All of these level design improvements also apply to the Doc Robot stages, which are the most contentious part of the original Mega Man 3. The Doc Robot stages reuse assets from four of the standard Robot Master levels with revamped, much more difficult level designs. In addition, they feature two Doc Robot fights which are rematches against the Mega Man 2 bosses, now in a one-size-fits-all Doc Robot model and a new set of weaknesses to figure out. These were my least favorite part in the original, but they're much improved here. Just like before, the level designs have been tweaked to be more fair and to use stage elements in ways that surpass the original. The Doc Robot fights themselves are much more manageable largely thanks to their decreased hitboxes, as they felt nigh impossible to jump over in the original.
The Wily stages are where Revamped's level design shines the most. In vanilla MM3, the Doc Robot stages are where the difficulty peaked. In comparison, the Wily stages were a complete joke. They were way too short, and were more likely to throw energy refills and extra lives at you than any actual challenge. Here in Revamped though, they're completely in line with the Wily levels in the rest of the series. Now the Wily levels are the "final exam" that test you on all your skills and knowledge of previous enemies and stage hazards, mixing and matching them in ways that still feel fresh. Elements from the original stages are still here, like the water segments in Wily 1, but they're used in way more challenging and engaging ways than before. To anyone that might be afraid that Revamped softens Mega Man 3's difficulty, the Wily stages are here to disprove that. Ultimately, 3 is still a challenge, only now that challenge is more evenly distributed throughout the game.
I absolutely adored my time with Mega Man 3 Revamped. It took a game that I had conceded for a while wasn't the true best in the series, and put it right back in the running for that title. This is a must play for anyone that's ever tried Mega Man 3, from its diehards to those who couldn't stand it. I guarantee you'll come out of it with a renewed or newly found appreciation for it. I can't give enough props to the developer, TheSkipper1995, as well as the developer of Mega Man 3 Improvement, KujaKiller.
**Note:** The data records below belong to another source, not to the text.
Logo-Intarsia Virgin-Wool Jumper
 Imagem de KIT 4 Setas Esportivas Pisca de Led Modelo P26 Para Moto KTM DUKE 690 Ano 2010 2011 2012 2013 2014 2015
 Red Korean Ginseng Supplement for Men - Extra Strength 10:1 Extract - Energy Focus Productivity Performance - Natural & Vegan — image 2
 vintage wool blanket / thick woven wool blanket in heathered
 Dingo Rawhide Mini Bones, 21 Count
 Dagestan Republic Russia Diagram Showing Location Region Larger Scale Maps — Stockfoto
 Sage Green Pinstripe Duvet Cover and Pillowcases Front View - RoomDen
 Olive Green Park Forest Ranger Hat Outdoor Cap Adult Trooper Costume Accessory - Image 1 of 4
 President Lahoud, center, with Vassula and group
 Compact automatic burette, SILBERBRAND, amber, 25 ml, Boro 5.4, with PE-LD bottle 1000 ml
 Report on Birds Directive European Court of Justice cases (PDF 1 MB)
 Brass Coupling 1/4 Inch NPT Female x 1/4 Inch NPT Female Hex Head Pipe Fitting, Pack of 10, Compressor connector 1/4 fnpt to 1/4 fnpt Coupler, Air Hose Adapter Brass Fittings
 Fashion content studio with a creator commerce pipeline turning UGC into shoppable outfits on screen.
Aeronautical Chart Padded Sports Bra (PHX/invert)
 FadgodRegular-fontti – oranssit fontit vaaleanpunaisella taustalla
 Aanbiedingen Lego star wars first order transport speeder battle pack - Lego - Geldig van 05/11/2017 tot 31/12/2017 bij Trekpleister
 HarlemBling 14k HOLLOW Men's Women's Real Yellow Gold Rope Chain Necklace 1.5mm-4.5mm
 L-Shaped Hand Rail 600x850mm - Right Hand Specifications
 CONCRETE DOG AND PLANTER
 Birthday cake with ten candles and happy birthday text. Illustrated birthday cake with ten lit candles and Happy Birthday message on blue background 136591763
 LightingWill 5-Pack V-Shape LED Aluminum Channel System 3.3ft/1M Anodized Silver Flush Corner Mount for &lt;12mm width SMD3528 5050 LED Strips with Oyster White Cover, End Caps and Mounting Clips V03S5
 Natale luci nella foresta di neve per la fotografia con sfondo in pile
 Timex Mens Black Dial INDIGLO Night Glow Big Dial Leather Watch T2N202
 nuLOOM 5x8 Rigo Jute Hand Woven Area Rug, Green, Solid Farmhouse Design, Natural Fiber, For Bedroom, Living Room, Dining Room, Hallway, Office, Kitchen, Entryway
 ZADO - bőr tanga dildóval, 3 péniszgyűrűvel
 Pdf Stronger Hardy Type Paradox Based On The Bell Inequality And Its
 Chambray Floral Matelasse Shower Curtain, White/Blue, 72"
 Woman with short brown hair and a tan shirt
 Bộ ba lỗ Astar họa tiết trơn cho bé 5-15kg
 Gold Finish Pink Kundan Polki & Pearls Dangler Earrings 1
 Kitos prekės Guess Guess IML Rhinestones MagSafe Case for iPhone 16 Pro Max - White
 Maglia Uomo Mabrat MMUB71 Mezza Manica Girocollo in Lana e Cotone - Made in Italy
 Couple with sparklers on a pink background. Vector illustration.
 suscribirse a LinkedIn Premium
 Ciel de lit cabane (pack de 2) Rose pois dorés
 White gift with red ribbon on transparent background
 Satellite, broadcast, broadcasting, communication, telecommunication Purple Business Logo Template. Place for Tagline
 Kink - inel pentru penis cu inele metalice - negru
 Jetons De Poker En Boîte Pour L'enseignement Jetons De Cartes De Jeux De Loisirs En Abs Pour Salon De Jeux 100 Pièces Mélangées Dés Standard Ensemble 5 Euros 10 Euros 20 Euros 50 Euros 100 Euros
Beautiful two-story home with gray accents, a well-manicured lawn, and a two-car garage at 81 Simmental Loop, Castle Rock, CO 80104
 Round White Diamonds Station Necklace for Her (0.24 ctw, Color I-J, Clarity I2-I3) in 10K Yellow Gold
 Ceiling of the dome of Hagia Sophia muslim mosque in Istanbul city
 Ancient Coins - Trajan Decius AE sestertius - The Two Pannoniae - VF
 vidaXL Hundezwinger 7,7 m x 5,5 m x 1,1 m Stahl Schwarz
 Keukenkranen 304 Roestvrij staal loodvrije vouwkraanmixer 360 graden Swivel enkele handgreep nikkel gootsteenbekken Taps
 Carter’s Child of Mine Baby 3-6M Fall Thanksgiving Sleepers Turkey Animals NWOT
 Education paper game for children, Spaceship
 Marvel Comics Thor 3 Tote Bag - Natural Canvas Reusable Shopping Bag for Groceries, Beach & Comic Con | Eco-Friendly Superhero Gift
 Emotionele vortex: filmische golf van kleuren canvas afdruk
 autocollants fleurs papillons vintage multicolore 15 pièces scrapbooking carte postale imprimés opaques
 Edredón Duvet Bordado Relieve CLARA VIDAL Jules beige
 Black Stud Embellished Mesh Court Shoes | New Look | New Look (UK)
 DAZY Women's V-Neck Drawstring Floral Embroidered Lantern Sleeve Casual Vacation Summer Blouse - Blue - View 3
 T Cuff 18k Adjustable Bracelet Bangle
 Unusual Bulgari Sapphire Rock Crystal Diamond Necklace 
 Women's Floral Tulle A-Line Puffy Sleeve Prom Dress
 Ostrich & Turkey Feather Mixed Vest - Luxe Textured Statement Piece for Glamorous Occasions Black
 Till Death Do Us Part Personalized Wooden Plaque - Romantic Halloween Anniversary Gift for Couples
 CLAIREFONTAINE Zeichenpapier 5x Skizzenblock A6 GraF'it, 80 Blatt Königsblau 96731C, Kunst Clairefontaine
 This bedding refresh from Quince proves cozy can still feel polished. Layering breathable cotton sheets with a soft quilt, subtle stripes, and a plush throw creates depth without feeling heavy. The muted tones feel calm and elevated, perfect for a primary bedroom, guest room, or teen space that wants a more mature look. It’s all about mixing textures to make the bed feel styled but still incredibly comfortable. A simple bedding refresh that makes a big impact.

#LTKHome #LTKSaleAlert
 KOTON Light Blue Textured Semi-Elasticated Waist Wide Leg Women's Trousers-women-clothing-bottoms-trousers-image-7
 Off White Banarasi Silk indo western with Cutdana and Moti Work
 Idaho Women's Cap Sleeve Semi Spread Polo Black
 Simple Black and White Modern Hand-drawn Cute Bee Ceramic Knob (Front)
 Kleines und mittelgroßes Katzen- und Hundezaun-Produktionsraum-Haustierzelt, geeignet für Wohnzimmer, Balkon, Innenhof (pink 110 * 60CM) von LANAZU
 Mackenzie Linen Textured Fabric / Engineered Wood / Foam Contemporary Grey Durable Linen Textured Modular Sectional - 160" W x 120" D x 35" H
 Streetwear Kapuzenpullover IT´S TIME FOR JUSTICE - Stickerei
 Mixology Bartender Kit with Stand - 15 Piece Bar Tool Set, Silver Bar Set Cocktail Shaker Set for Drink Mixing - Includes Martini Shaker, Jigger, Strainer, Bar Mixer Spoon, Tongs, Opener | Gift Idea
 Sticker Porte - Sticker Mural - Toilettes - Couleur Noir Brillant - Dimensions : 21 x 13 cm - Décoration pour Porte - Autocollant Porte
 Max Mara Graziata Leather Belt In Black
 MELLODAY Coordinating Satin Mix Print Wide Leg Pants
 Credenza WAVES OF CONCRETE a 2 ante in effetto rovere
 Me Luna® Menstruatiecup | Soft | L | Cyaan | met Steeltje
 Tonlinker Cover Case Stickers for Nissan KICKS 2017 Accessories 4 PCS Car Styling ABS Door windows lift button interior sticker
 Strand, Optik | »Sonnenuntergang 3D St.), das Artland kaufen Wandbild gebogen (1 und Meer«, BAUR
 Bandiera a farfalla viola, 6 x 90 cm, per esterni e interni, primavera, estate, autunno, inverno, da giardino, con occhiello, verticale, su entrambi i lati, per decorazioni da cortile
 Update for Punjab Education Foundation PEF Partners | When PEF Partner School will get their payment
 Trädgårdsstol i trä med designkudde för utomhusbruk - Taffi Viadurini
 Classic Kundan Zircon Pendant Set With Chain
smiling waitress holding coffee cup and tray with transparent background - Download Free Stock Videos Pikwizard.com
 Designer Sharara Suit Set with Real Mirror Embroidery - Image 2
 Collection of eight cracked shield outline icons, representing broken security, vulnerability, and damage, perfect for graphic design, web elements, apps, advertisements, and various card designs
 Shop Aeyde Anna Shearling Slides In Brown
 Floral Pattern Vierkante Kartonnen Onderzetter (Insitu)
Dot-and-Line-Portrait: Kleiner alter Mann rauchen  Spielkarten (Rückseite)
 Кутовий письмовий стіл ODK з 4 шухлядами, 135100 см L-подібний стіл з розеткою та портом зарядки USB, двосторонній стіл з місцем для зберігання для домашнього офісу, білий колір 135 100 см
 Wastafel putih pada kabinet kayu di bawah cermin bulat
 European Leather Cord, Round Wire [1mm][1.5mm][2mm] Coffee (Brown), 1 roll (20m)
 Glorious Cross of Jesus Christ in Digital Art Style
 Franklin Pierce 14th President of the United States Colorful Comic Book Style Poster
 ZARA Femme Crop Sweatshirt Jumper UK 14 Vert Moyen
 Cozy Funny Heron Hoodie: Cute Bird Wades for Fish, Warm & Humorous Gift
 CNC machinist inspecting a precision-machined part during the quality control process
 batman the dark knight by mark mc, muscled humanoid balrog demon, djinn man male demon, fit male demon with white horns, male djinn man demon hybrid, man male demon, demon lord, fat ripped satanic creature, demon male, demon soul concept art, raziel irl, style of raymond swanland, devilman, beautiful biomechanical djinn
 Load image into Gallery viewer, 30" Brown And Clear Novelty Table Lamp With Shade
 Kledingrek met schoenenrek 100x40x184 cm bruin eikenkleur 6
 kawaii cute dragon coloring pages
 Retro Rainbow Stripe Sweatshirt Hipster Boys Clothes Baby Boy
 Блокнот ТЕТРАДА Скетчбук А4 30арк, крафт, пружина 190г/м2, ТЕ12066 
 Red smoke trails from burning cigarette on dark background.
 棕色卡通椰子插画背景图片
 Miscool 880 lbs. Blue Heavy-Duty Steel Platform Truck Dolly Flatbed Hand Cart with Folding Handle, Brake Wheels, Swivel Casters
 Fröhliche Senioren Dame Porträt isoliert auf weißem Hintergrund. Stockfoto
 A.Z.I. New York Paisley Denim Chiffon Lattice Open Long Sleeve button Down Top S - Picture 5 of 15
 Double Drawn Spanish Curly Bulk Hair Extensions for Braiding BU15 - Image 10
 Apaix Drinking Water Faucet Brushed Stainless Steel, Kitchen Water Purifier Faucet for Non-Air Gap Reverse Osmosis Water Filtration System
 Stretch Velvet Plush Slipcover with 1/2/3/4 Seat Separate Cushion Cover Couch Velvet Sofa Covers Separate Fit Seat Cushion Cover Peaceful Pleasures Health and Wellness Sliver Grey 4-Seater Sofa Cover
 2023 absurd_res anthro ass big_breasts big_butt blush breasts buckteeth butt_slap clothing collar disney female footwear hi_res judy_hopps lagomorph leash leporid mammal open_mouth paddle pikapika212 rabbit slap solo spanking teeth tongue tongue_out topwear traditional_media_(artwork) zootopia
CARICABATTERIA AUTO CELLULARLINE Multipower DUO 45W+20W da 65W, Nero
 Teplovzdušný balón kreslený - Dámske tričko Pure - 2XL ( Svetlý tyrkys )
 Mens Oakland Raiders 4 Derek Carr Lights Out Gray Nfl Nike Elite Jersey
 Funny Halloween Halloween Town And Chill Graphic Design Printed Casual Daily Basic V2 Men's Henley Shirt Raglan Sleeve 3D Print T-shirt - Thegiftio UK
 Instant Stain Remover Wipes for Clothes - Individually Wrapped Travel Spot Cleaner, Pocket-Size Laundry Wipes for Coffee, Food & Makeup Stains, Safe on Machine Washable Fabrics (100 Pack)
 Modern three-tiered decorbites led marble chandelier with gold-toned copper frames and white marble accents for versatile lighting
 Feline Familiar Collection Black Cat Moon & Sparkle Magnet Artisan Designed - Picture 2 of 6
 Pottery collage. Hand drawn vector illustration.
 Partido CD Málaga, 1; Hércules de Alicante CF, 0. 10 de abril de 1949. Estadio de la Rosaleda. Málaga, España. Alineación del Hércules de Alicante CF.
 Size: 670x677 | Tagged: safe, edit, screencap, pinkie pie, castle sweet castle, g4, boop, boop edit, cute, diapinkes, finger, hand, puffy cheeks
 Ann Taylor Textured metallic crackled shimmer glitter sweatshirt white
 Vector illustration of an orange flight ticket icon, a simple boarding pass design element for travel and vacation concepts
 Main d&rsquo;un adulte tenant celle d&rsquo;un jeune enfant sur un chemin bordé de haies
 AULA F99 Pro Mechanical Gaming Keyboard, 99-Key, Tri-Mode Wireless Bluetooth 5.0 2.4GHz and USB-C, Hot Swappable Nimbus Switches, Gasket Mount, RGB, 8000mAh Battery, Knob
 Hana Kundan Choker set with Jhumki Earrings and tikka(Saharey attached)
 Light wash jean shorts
I hadn't mentioned it until now, but Revamped is a hack of a hack, building on top of Mega Man 3 Improvement. I haven't played Improvement, but to my understanding it's the hack that focused on QoL improvements such as the opening cutscene and fixes for bugs and slowdown, while Revamped focused on the level design reworks as well as further QoL additions.
One more thing, shoutouts to Jay Eazy. If it weren't for January 7th becoming what I'm assuming will now be a Mega Man fan holiday I wouldn't have discovered this as soon as I did.